Some rules do put up roadblocks, but experts say those aren’t enough. In Florida, law firms are required to have more than one person in the firm sign off on a withdrawal, attorney Dan Gonzalez of Meland Budwick said. In New York, law firms must audit their own escrow accounts but are not required to hire an outside firm, said Scott Bush, who has defended lawyers facing disciplinary action.

So while some protection exists for a client who has been wronged, “part of it is trust with respect to what the attorney is doing,” said Bush, of the firm Corrigan, McCoy & Bush. “Just like you trust your doctor.” He added, “The only way to get around it, technically, is to say, ‘Lawyers can’t hold any escrow funds.’”

Escrow accounts are difficult to audit because millions of dollars flow in and out as property owners and investors deposit and withdraw money, Aydiner said.

Widespread escrow fraud is rare, attorney Joe Pack said, with laws and professional ethics rules punishing such criminal behavior.

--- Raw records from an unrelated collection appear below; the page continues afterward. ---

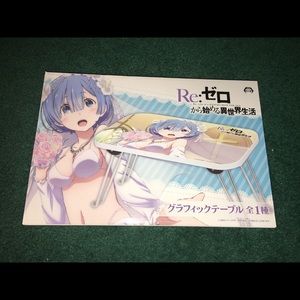 Re: Zero Rem Graphics Mini Table 30 cm Taito Anime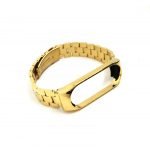 Metal Bracelet for Xiaomi 3 & Xiaomi 4 Watch Band Gold Color - Image 5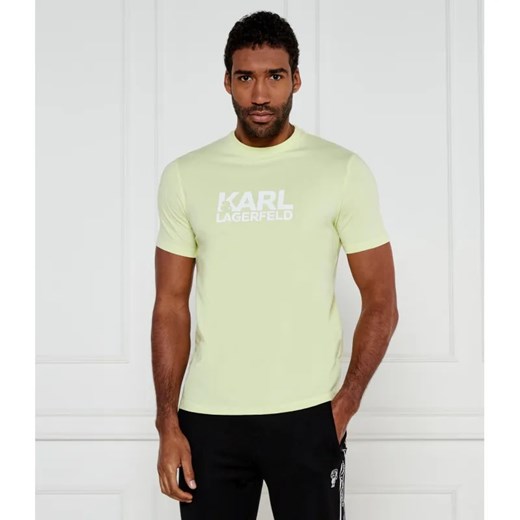 Karl Lagerfeld T-shirt | Regular Fit ze sklepu Gomez Fashion Store w kategorii T-shirty męskie - zdjęcie 184337430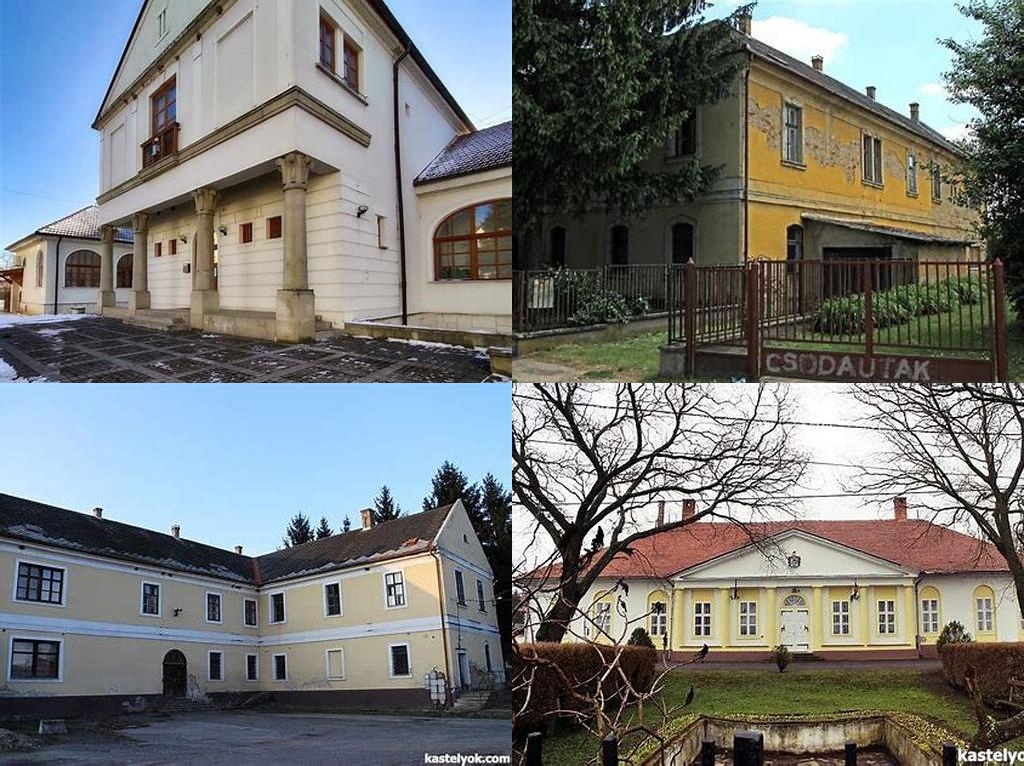 Bárczay-kastély (Mansión Bárczay)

“It all eventually catches up,” he said. Pack, who has his own Miami practice, noted the allegations against Kossoff are “unfortunate” but not unheard of. “The house of cards will eventually fall. People always come back looking for their money.”

Aydiner, who has served on the New York Grievance Committee, which takes up disciplinary cases against lawyers, said he has “never seen” a case like the one involving Kossoff.

“Because now we are talking about bankruptcy hard on the heels of the attorney disappearing, hard on the heels of questions concerning what happened to the money in escrow, this is a major situation,” he said.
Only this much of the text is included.